Saturday, October 11, 2008

Get Ready for Hyperinflation...

The Central banks all around the world are desparately pumping money into the sytem , trying to unclog the credit pipe.  At the moment it dosent appear to be working.  But sooner than later, it will.  That is the time when a huge wave of liquidity will surge through the markets of the world.  A lot of this money is currency that has been freshly printed ! Its like a pipe that is being highly pressured in order to unclog it. When it does get released , high pressure liquidity is going to flow through the system.  How this is going to get absorbed and what asset classes will this go into is going to be critical and monetary authorities around the world would do well to regulate this.  My own feeling is , we will see a period of extremely high inflation especially in primary commodities like foodgrains.  Also , I see a sharp rise in the bullion prices , particularly gold.  Currencies will be managed by central banks through open market purchases and sales of gold. 
Makes me extremely bullish on the prospects for gold as an investment going forward.
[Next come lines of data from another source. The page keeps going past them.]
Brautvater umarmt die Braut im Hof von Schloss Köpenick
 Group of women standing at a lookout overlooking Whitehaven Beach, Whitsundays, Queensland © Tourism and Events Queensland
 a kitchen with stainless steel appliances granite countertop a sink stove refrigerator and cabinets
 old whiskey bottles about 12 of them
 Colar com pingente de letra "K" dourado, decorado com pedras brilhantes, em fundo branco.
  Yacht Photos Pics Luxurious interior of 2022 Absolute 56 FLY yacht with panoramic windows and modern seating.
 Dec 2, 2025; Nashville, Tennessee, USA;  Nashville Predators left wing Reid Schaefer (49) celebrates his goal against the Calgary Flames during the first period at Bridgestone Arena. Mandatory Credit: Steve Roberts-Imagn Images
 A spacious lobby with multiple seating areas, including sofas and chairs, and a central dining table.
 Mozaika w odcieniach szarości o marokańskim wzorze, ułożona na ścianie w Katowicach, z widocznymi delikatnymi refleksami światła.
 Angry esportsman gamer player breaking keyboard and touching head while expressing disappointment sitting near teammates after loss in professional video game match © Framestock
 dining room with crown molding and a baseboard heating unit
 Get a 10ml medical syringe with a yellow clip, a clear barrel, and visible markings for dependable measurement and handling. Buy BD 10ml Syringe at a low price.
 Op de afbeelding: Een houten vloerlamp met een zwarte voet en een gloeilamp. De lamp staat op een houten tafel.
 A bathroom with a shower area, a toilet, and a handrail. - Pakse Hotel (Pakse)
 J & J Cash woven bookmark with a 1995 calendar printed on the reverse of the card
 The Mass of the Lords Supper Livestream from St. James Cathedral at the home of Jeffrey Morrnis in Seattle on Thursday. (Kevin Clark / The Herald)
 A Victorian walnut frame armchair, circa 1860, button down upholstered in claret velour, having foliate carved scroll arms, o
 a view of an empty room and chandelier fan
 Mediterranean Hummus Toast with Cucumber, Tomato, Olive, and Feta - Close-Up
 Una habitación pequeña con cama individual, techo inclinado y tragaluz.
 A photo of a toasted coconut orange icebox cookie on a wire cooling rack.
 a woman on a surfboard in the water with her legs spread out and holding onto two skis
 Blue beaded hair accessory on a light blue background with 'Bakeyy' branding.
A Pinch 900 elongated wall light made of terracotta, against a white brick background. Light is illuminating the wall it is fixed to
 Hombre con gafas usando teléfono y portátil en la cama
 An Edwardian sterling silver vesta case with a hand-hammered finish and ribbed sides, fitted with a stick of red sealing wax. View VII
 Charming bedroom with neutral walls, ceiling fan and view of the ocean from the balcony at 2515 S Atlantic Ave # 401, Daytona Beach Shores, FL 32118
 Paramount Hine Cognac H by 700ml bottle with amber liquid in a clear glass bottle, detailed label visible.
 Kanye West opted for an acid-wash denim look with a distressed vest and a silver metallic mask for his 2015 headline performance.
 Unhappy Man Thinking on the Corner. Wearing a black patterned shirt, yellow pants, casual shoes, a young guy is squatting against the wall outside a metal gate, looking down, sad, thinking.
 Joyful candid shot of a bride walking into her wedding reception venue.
Frozen Credit Lines- RBI two steps too late..

RBI's announcement of a 150 basis point cut in the CRR has come in a bit too late. Already the pipelines carrying the credit system are clogged , even frozen some may say.  The Finance Ministry's assurance that they are 'watching'  the situation hour by hour cuts no ice,  pun intended.  Watching is no good in a market whose dynamics are changing by the second. PREMPTIVE ACTION is what is needed.  
Right now nobody trusts anybody else, me included. Iam moving my cash parked in Mutual Funds even in liquid funds to the sovereign security  of a nationalised bank . Everyone else around me is doing the same till the dust settles down.  People are doing this on the news/rumours that institutions /mutual funds are running from pillar to post to borrow, some borrowing at rates as high as 36 % to 54 %.
Opening up liquidity now will not help. Banks /Individuals will only hoard the excess liquidity as they are scared to let go and lend. What can ease this situiation ?  The government has to temporarily offer backing in the form of guarantees to major Banks, Financial Institutions and Mutual funds at least for the inter bank lending market.  If the Government is so confident of the financial health of ICICI Bank , now is the time to offer it gurantees in the the inter bank market.  If the fundamentals of the economy are sound and our exposure to the contagion in the west is so limited , why are we afraid to act ? 
What is at stake here is the financial health of the nation of which serious questions are being asked.  It is time for the Government to give strong and straight replies...

Globalization is dead.. Long Live Globalisation

The  recent chain of events in the world of  banking and finance Finance have dealt a death blow to the concept of globalization in its present form.  Consider the following events that have happened in the past week


-Icelandic banks have been ordered to start selling foreign-owned assets to help the country avoid bankruptcy, a move that could lead to the fire sale of some of Britain's best known names on the high street.


-A fresh spotlight has been thrown on the culture of American investment banks after the administrator for Lehman Brothers' European business asked for the return of $8 billion (£4.4 billion) transferred from Europe to New York in the days before the bank's collapse .Lehman's London staff are angry that the practice of withdrawing funds to New York at the end of each day left coffers at the European business empty.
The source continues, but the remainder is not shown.